Activity
Beginning with the line that holds "The Rialto bridge", copy every remaining line of the listing below exactly, and leave the pictures out.

Data supplied
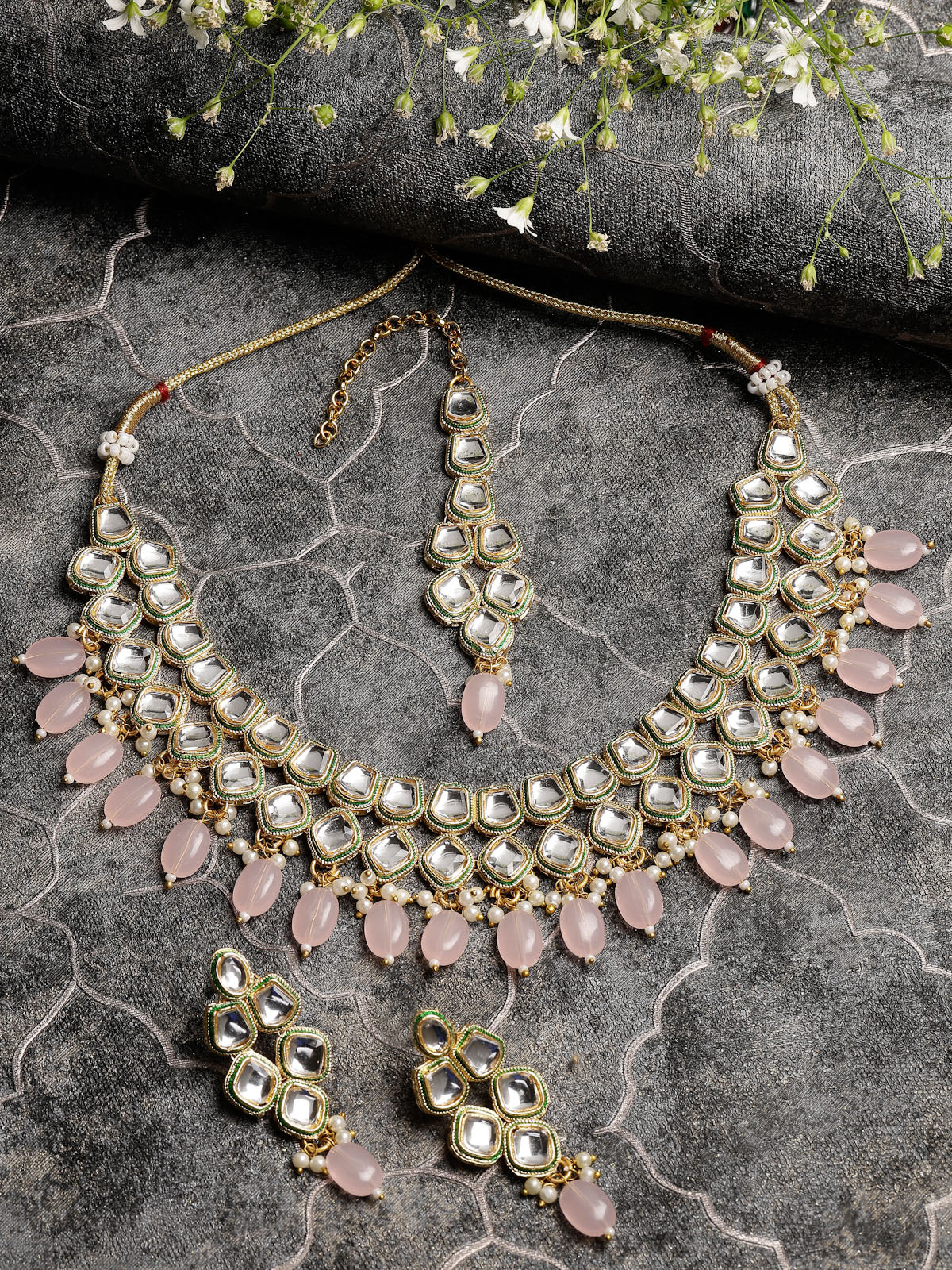 Sukkhi Pretty Pink Gold Plated Kundan Style Choker Necklace Set with Dangler Earrings & Maangtikka Jewellery Set For Women & Girls|Set of 1|NS106128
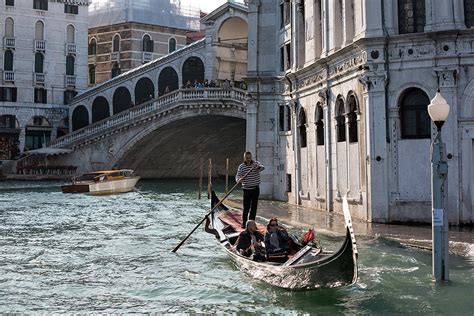 The Rialto bridge in Venice, Italy. | With a gondola you see… | Flickr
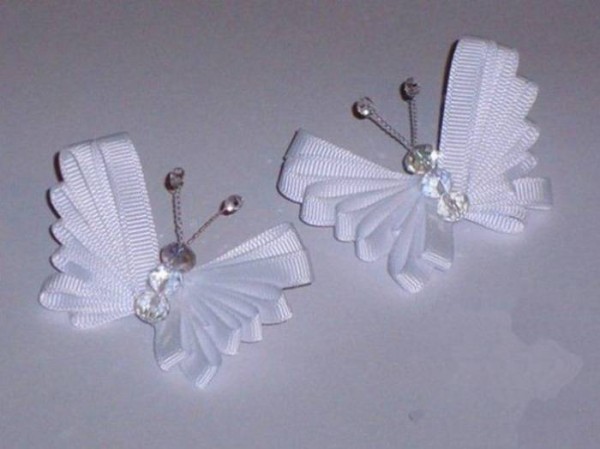 Sew a butterfly tiara from ribbon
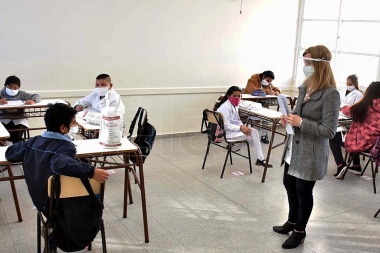 Otro distrito de JxC pide a Kicillof por la esencialidad de la educación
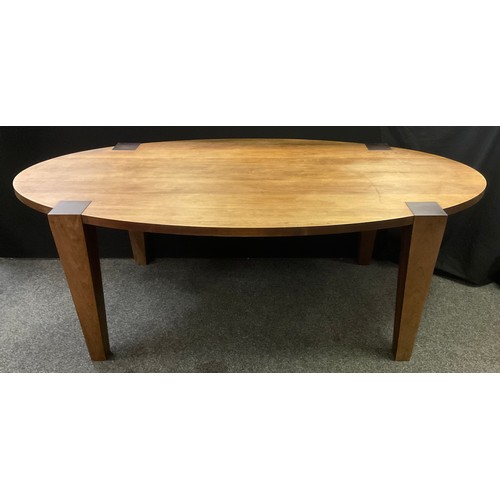 216 - A Modern Design walnut dining table, solid oval top, tapered square legs, 76.5cm tall x 220cm x 115c...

Exercise result
 The Rialto bridge in Venice, Italy. | With a gondola you see… | Flickr
 Sew a butterfly tiara from ribbon
 Otro distrito de JxC pide a Kicillof por la esencialidad de la educación
 216 - A Modern Design walnut dining table, solid oval top, tapered square legs, 76.5cm tall x 220cm x 115c...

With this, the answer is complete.